Aber jetzt mal ernsthaft: Es geht natürlich überhaupt nicht um die Frage, ob ein Türke/Araber und/oder ein Moslem/Jude/Hindu Kanzler in Deutschland, Ministerpräsident
in Holland, Dänemark, Österreich
oder sonst wo in Europa werden
kann. Entscheidend ist, ob die alten
europäischen Parteien und
die alten politischen Strukturen in Europa einen wie Obama überhaupt zulassen würden. Die alberne Frage "Wo ist der deutsche Obama?" müsste eigentlich lauten: Hätte einer
wie Barack Obama in einer unserer Parteien überhaupt eine Chance?
"Gute"
und "schlechte" Hindernisse
würden den Aufstieg allzu außerordentlicher Politiker behindern. Die zirkushaften Inszenierungen der Kandidatenauftritte, die weihevollen Teleprompter-Galareden,
das spektakuläre Mega-Event-Ambiente,
dessen sich auch Obama gern bedient und das er vortrefflich beherrscht, trifft in Europa, speziell aber in Deutschland nicht auf die gleiche Unbefangenheit wie in Amerika.

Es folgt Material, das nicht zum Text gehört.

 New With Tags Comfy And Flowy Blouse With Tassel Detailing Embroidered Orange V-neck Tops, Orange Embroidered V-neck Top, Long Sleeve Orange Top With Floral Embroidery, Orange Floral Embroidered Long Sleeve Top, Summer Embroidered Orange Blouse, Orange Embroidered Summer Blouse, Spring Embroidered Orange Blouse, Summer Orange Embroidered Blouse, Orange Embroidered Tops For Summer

Zumindest bei den Sensibleren
vibriert da, selbst wenn sie
der guten Sache zustimmen, die historische Erinnerung an die ewige Chiffre
"Sportpalast" mit.
Reden können
natürlich auch auf deutschen Politikveranstaltungen je
nach Inhalt und Form Weichen stellen. Es kann sein, dass
eine schwache Vorstellung ein Gerede über das Ende des Redners in Gang setzt, wie das bei dem seinerzeitigen
Oppositionsführer Helmut Kohl nach
einer völlig in den Sand gesetzten Grundsatzrede anno 1978
auf dem CDU-Parteitag in
Ludwigshafen der Fall war.
Oder ein starker Auftritt löst ein
Beben aus, wie Lafontaines legendärer parteipopulistischer Auftritt auf dem SPD-Parteitag in Mannheim 1995, der
innerhalb von 24 Stunden zum Sturz des glücklosen
Parteichefs und glanzlosen Parteitagsredners Scharping führte. Insgesamt gilt aber doch, dass
andere Elemente und Talente langfristig eine größere Rolle
spielen. Kohl hat die Formkrise
von Ludwigshafen – und viele andere
Krisen danach – überstanden und lange
regiert. Lafontaine trug zum Wahlsieg der
SPD 1998 viel bei, wenige Monate
danach war er von der Bildfläche verschwunden, gescheitert an sich selbst, aber
auch an den parteidemokratischen
Strukturen, die bonapartistischen
Ambitionen eher blockieren.
Aber die strukturellen Hürden für charismatische
Ausnahmegestalten, wie
Obama eine zu sein scheint, haben
ihre Schattenseiten: die ehernen, rituellen Abläufe der traditionellen
Parteien wirken abschreckend. Sie stoppen Initiativen und vertreiben jene wieder, die unter Überwindung der ersten Hemmschwelle einer Partei versuchsweise
beigetreten waren. Junge Leute betätigen
sich heute eher in zivilgesellschaftlichen Organisationen als
in Parteien. Natürlich spielt da auch
die Scheu vor zu viel Bindung
eine Rolle und zu viel Verantwortung
für Kleinkram, wie das in Parteien so unverzichtbar ist
wie im Sportverein.
Aber das ist
nicht die ganze Geschichte.
Die alten Parteien haben in der Regel nichts
anzubieten, was attraktiv ist für kreative politische Talente. So bleiben in erster Linie die weniger spannenden Kunden hängen: künftige Berufspolitiker, deren Kurzbiografien man später entnehmen wird, dass sie
nichts anderes gelernt haben, als den Alltag
im Parteienstaat zu bewältigen. Je
besser sie das konnten, desto steiler ihrer Karriere.
Ein Biotop für "deutsche Obamas" ist das nicht.